# Adjusted Game Score 
- Taken from notebook done in 2023-24 Season in the Old Repo
    - Starting addaptation from that on 2-14-25

## Setup - Dependencies

In [2]:
# Dependencies and Setup
import pandas as pd
import numpy as np
import sqlite3

# Get DB Path from config
from config import last_game_date, recent_clean_db

# Create a connection to the SQLite database
conn = sqlite3.connect(recent_clean_db)
cur = conn.cursor()

cur.execute("SELECT name FROM sqlite_master WHERE type='table';")# Select All Tables
print(cur.fetchall())# print table names to check connection

[('player_stats_ytd',), ('master_roster',), ('advanced_metrics',), ('game_details',), ('goalie_stats',), ('line_chart',), ('linescore',), ('penalty_summary',), ('player_stats',), ('scoring_summary',)]


### Shots Data Extraction - Loading

In [None]:
# Use the advanced_metrics table to create a dataframe with shots (on_net, missed, blocked) in the EVEN and CLOSE situations

# Load the 'advanced_metrics_combined' table into a DataFrame excluding 'TOTAL' rows
df_amc = pd.read_sql("SELECT * FROM advanced_metrics WHERE player != 'TOTAL'", conn)

# Convert columns to numeric for calculations (replacing empty strings with 0)
columns_to_convert = ['EVEN_Saved', 'EVEN_Goals', 'EVEN_Miss', 'EVEN_Block', 'EVEN_Goals', 
                      'CLOSE_Saved', 'CLOSE_Miss', 'CLOSE_Block', 'CLOSE_Goals', 'CLOSE_Goals',
                        'D_Blocks']
for col in columns_to_convert:
    df_amc[col] = pd.to_numeric(df_amc[col].replace('', '0'))

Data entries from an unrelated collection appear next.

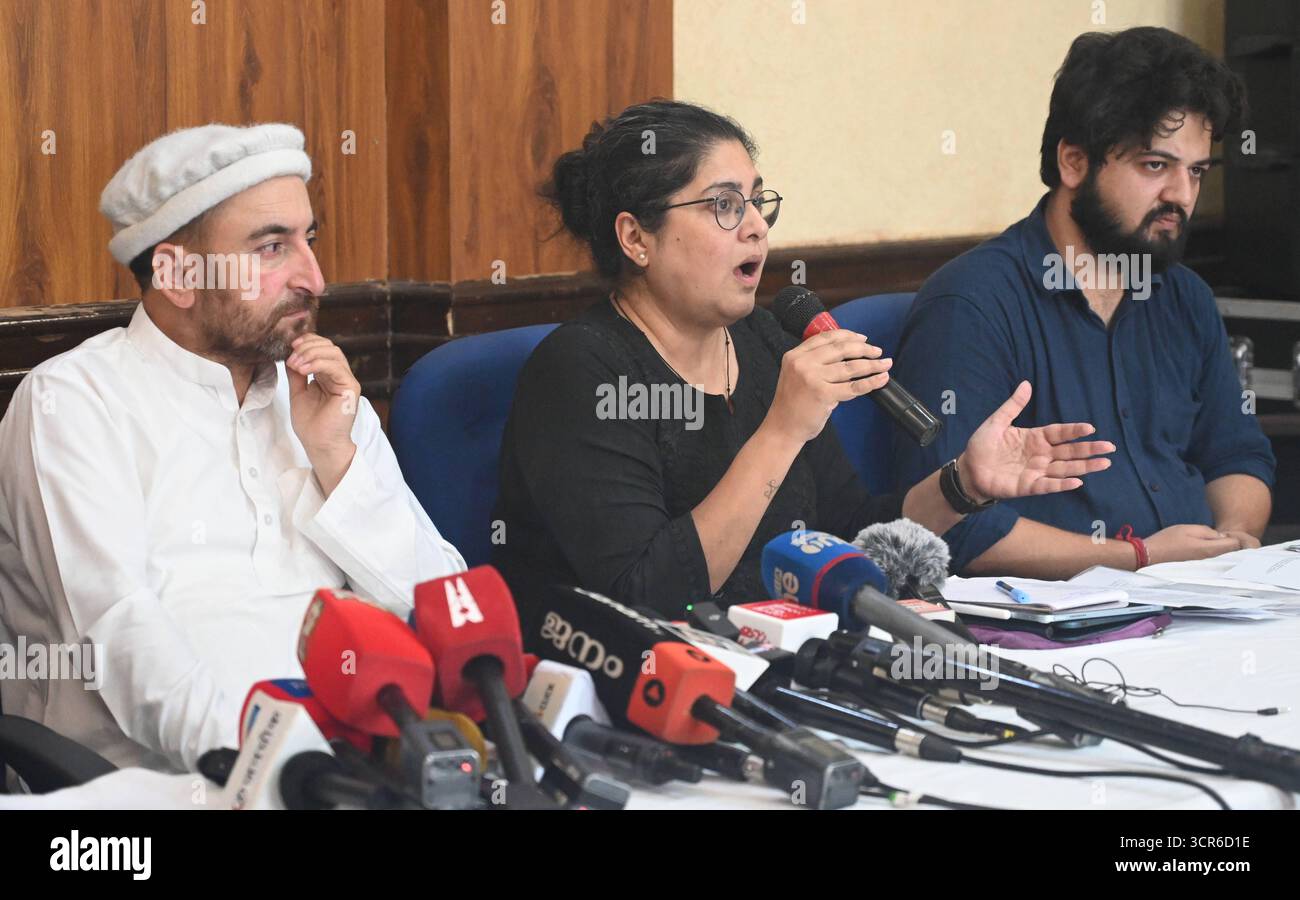 NUOVA DELHI, INDIA - SETTEMBRE 29: Gli attivisti Sajjad Kargili Kargil Democratic Alliance Ladakh e Manshi Asher Hindhara Collevtive e Anmol Ohri Climate Front Jammu si rivolgono a una conferenza stampa sul rilascio di Sonam Wangchuk al Press Club of India il 29 settembre 2025 a nuova Delhi, India. Gli attivisti hanno definito l'arresto di Wangchuk ai sensi del National Security Act NSA come un assalto ai diritti democratici e alla libertà di dissenso, affermando che tali atti erano un palese tentativo di mettere a tacere le voci del popolo del Ladakh che ha sollevato legittime preoccupazioni sui loro diritti costituzionali, liv Foto Stock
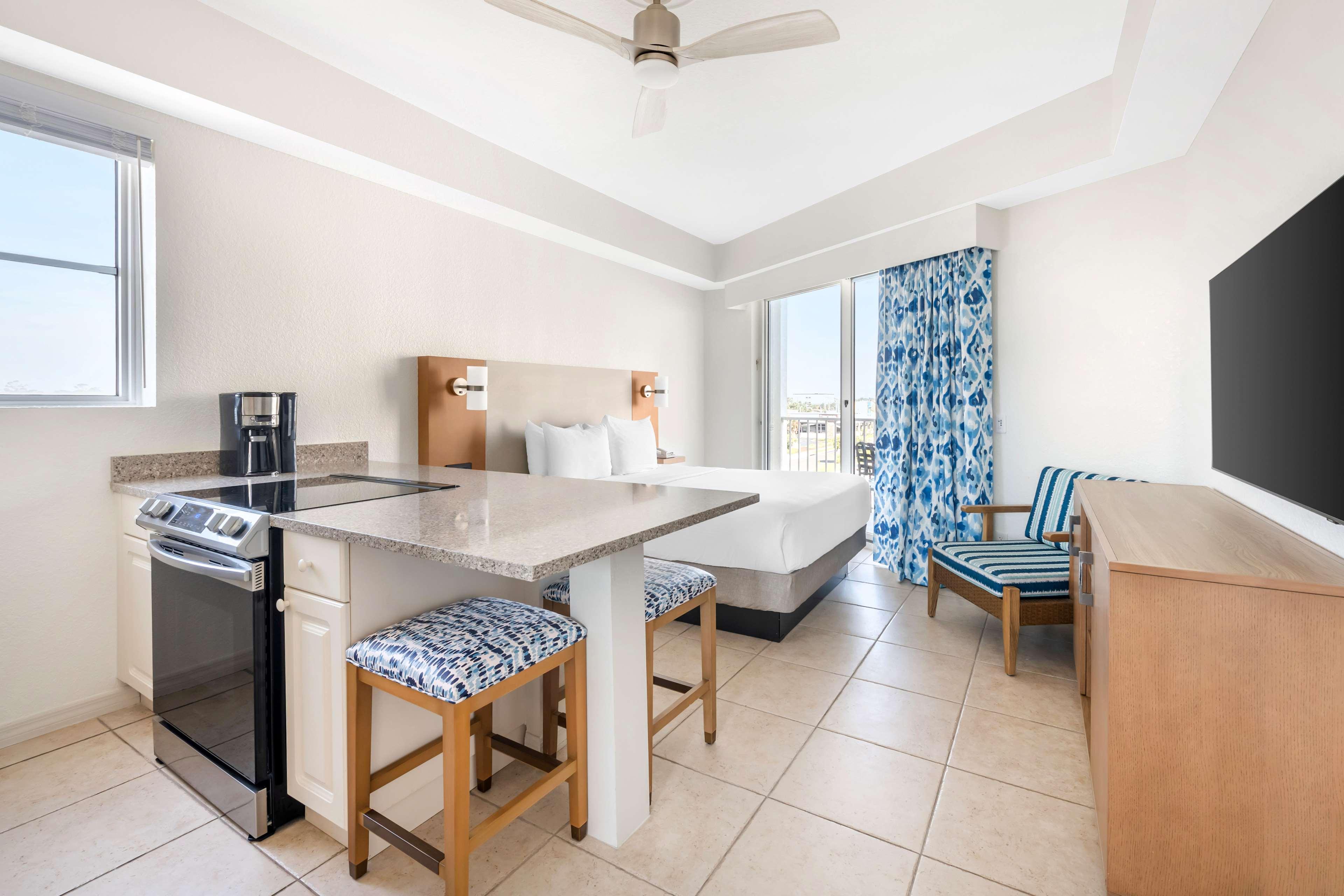 Studio Queen Size Bed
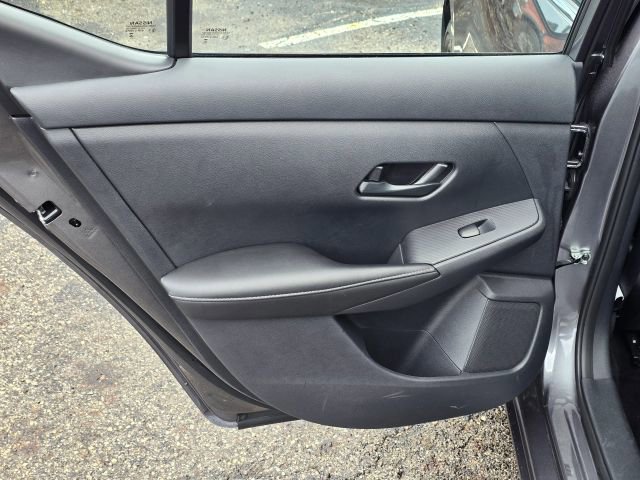 Used 2025 Nissan Sentra SV image 12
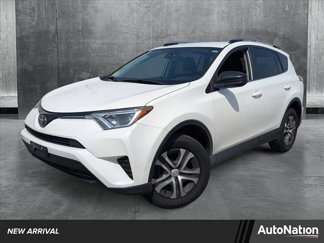 Used 2017 Toyota RAV4 LE image 1
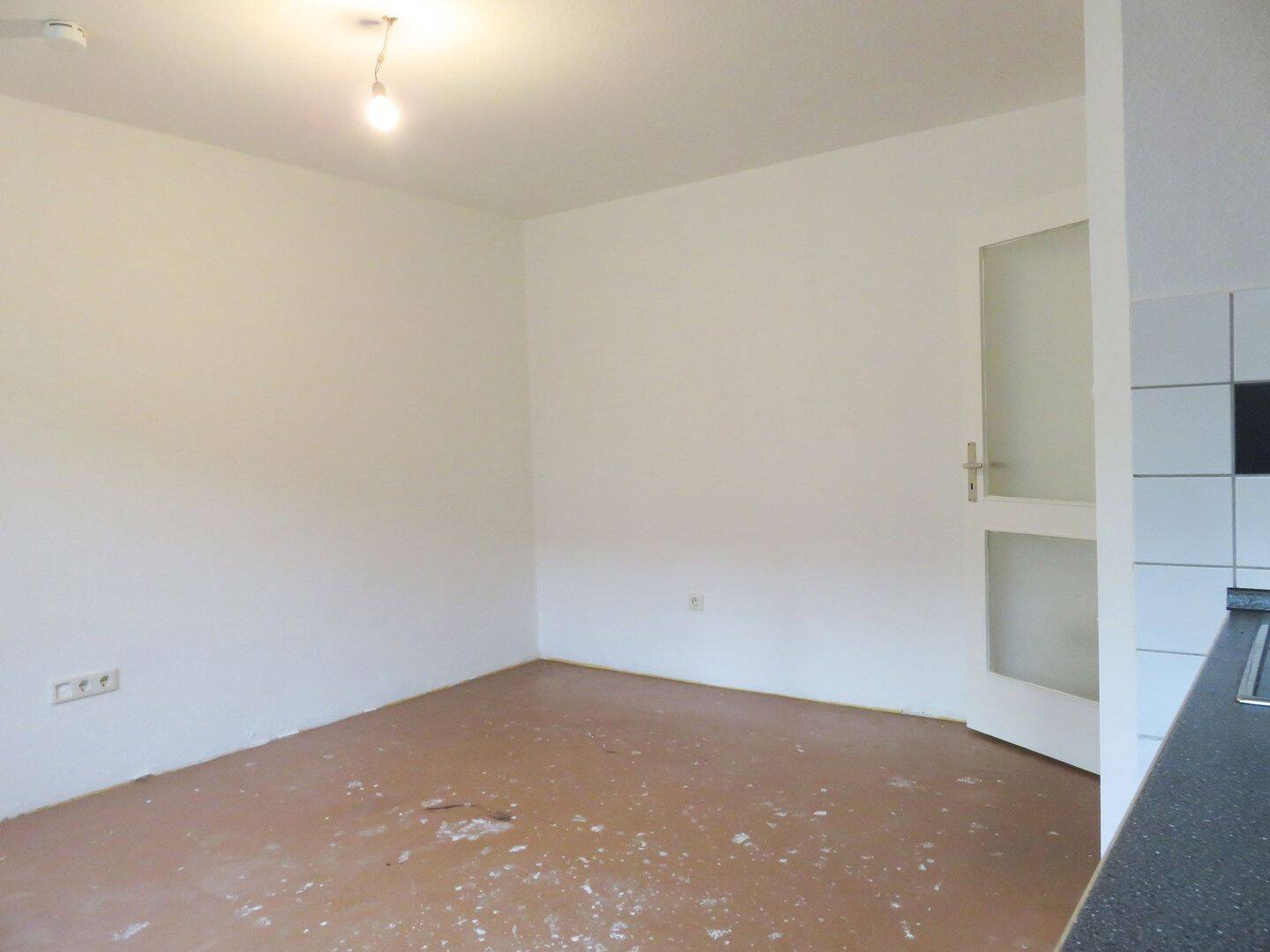 Attraktive 2-Zimmer-Eigentumswohnung mit langfristigem Wertpotenzial in gefragter Lage von Fürth-Hardhöhe – Fürth – Vorschaubild 3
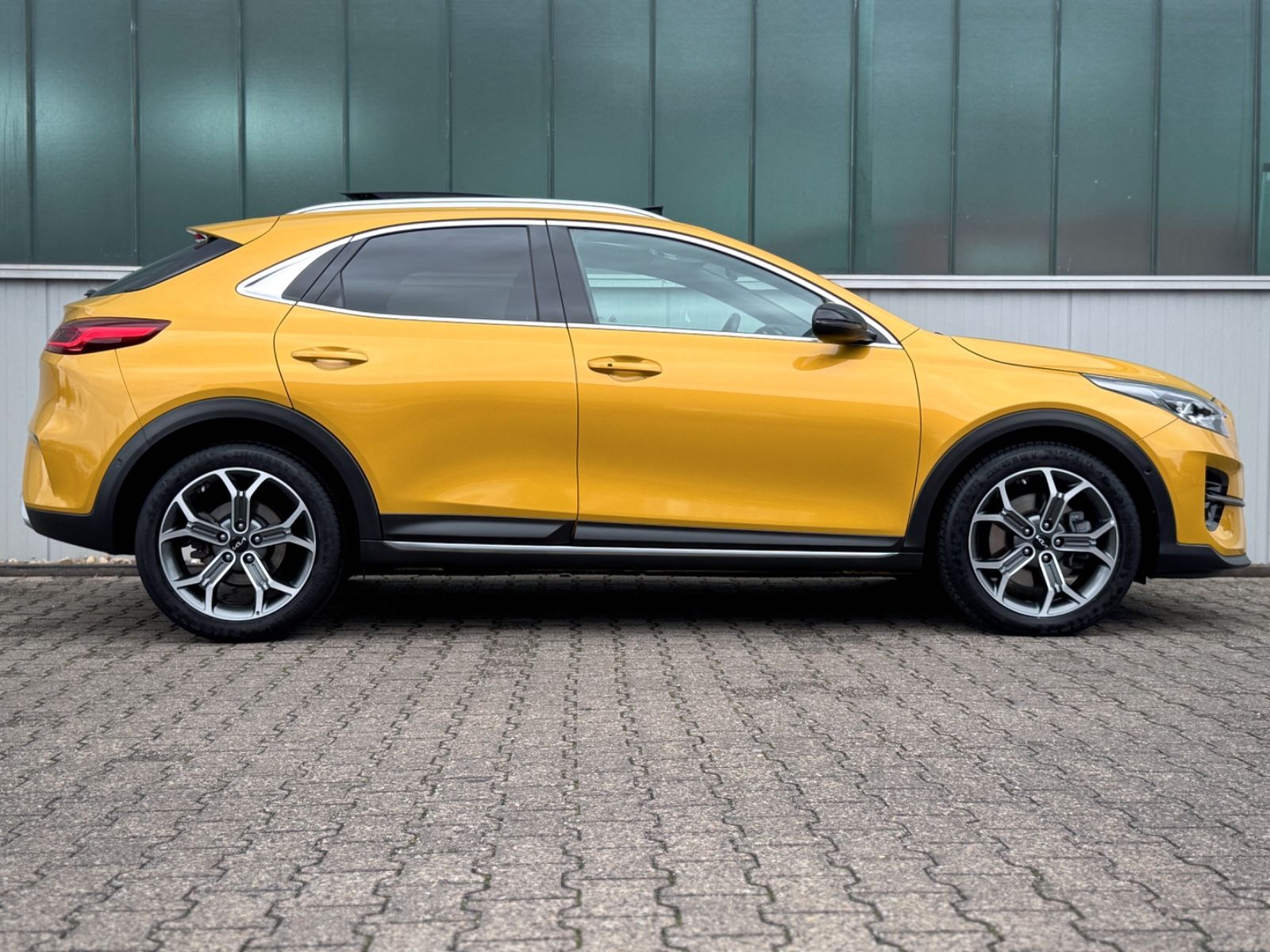 Fahrzeugabbildung Kia XCeed 1.6 T-GDI Xdition *PANORAMA|CAM|EXCLUSIVE*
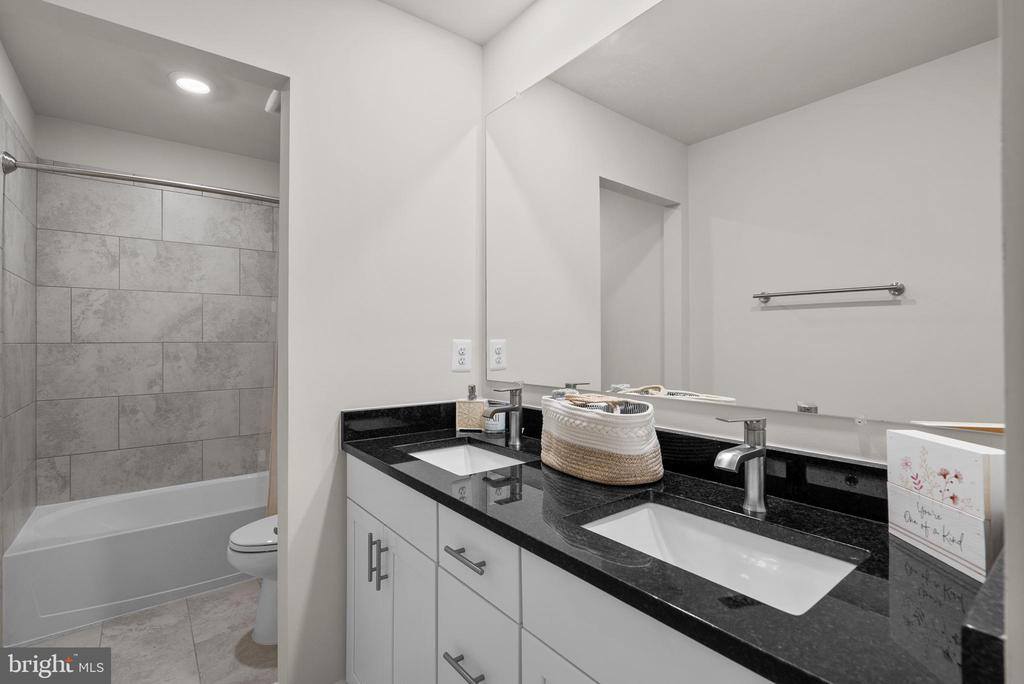 4148 Charles Dickens Dr, White Plains, MD 20695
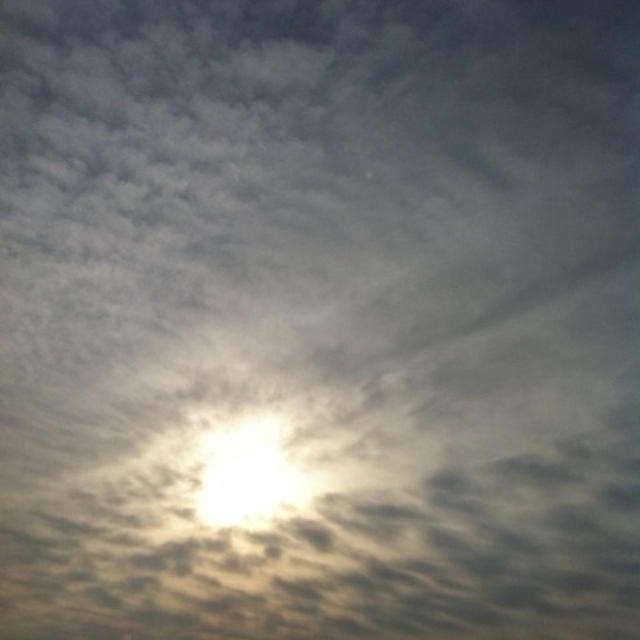 お誕生日の空
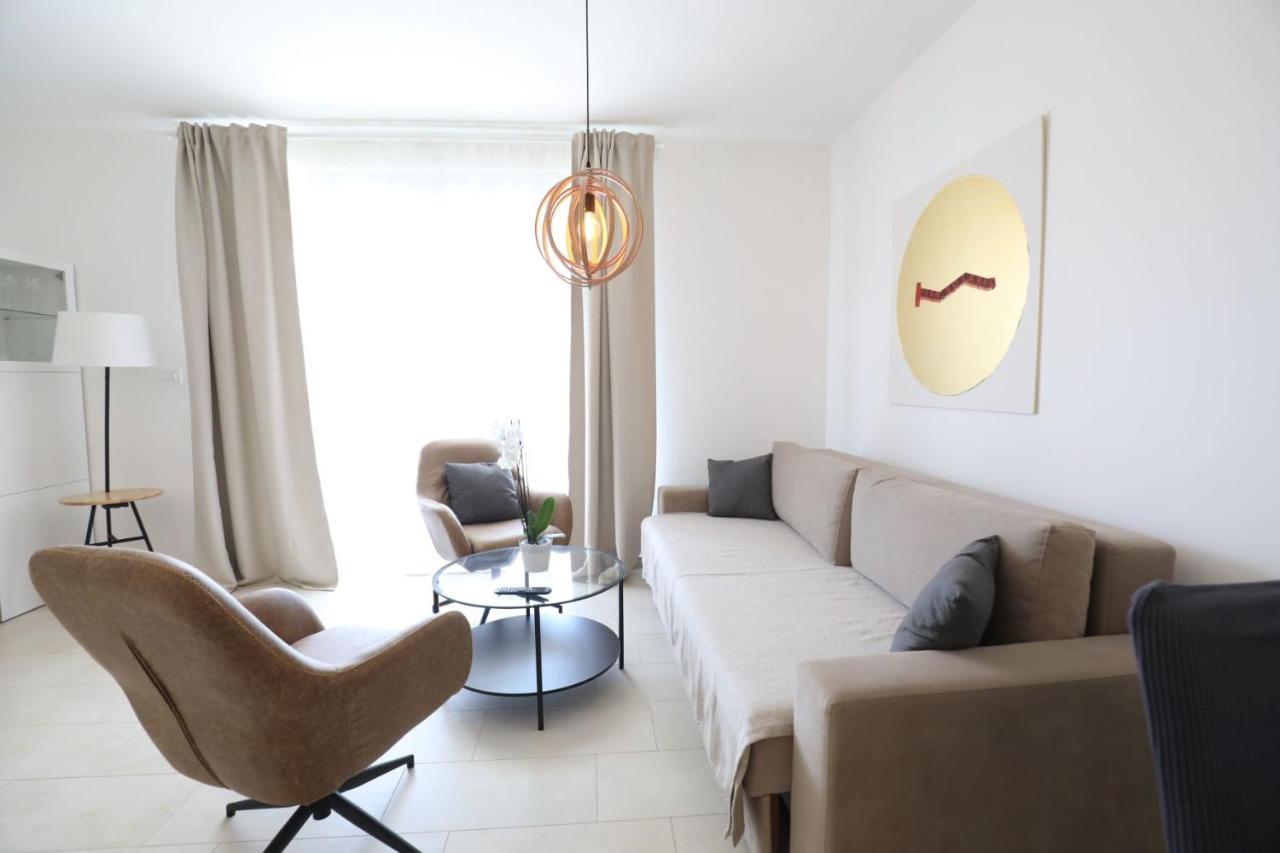 Smil'E Apartments Vodice Eksteriør bilde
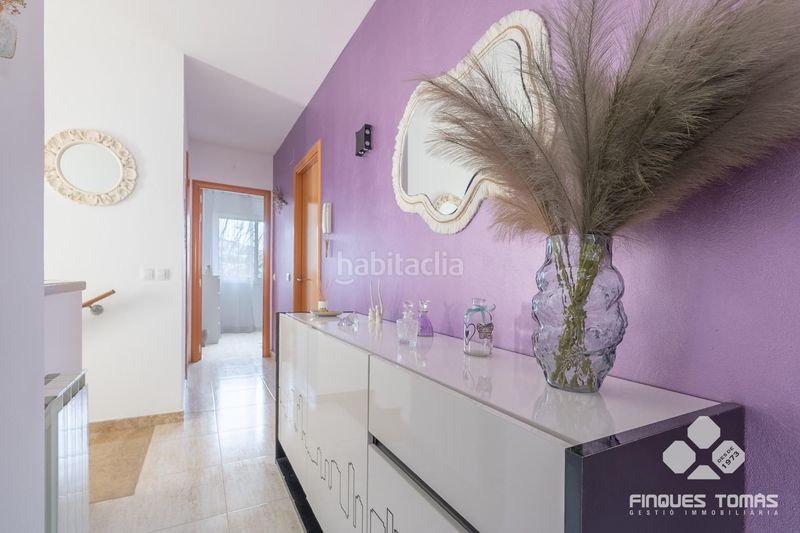 Foto 5e1932b8-06d1-4952-8952-ce89676e3051. Casa adossada amb aparcament piscina a Segur de Calafell nucli urbà Segur de Calafell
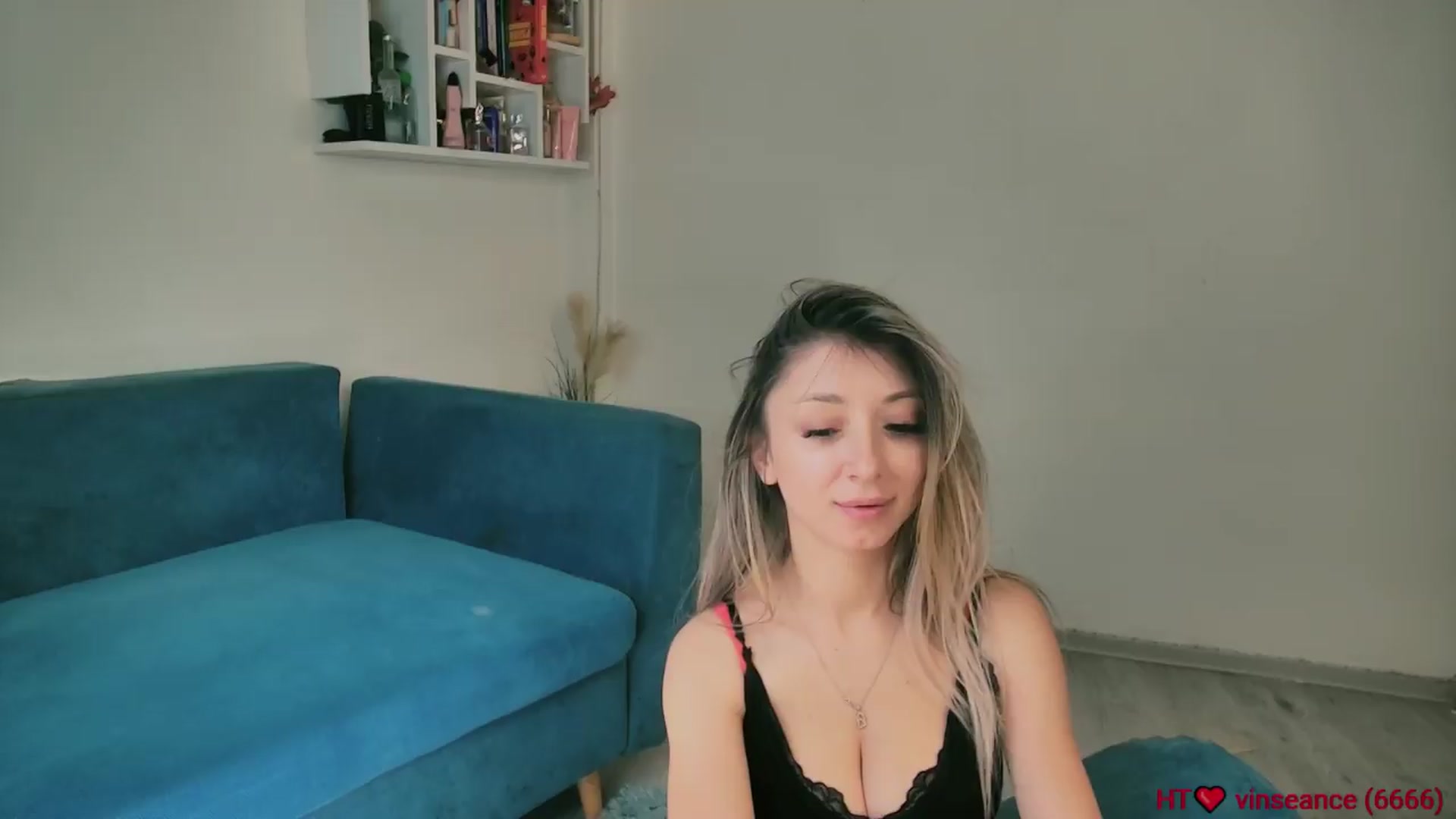 Gallery image thumbnail from elissa25_'s myfreecams stream on, 08/09/2026, 02:34 image 14 of 20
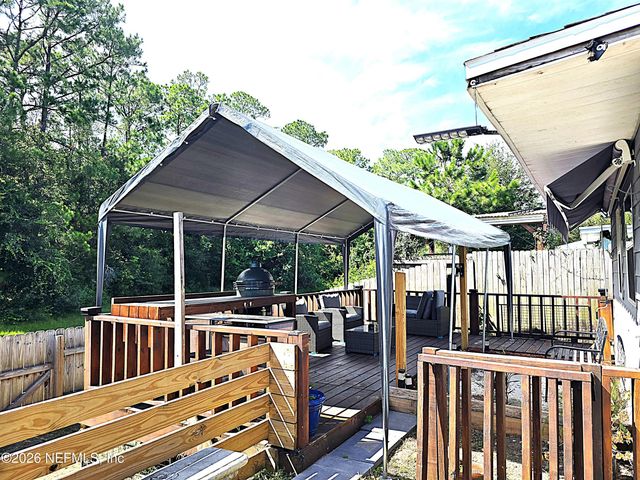 3560 GILMORE HEIGHTS Road N, Jacksonville, FL 32225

# Create a new DataFrame with the columns we want to use
shots_df = df_amc[['Team', 'Player', 'Game_ID', 
                   'EVEN_Saved', 'EVEN_Miss', 'EVEN_Block', 'EVEN_Goals',
                   'CLOSE_Saved', 'CLOSE_Miss', 'CLOSE_Block', 'CLOSE_Goals',
                   'D_Blocks']]

# Creat SHOTS ON NET column (Saved + Goals)
shots_df['EVEN_On_Net'] = shots_df['EVEN_Saved'] + shots_df['EVEN_Goals']
shots_df['CLOSE_On_Net'] = shots_df['CLOSE_Saved'] + shots_df['CLOSE_Goals']


# ############ BLOCK TO CALCULATE THE WEIGHTED SHOTS SCORE ############

# SCORE = "CLOSE_On_Net * 0.1 + CLOSE_Miss * 0.08 + CLOSE_Block * 0.05 
#   + EVEN_On_Net * 0.1 + EVEN_Miss * 0.08 + EVEN_Block * 0.05 (NOT D_Blocks - Going to Use in TEAM COMPONANT)"

# Do the calualtions for the weighted shots score and add it to the DataFrame
shots_df['EVEN_Score'] = shots_df['EVEN_On_Net'] * 0.1 + shots_df['EVEN_Miss'] * 0.08 + shots_df['EVEN_Block'] * 0.05
shots_df['CLOSE_Score'] = shots_df['CLOSE_On_Net'] * 0.15 + shots_df['CLOSE_Miss'] * 0.1 + shots_df['CLOSE_Block'] * 0.08

# Add the EVEN and CLOSE scores together to get the total weighted shots score
shots_df['SHOT_Score'] = shots_df['EVEN_Score'] + shots_df['CLOSE_Score']


# shots_df.head()

### Faceoffs

In [None]:
# Calulate Faceoff Score
# SCORE = "Faceoff_Wins * 0.075 - Faceoff_Losses * 0.075"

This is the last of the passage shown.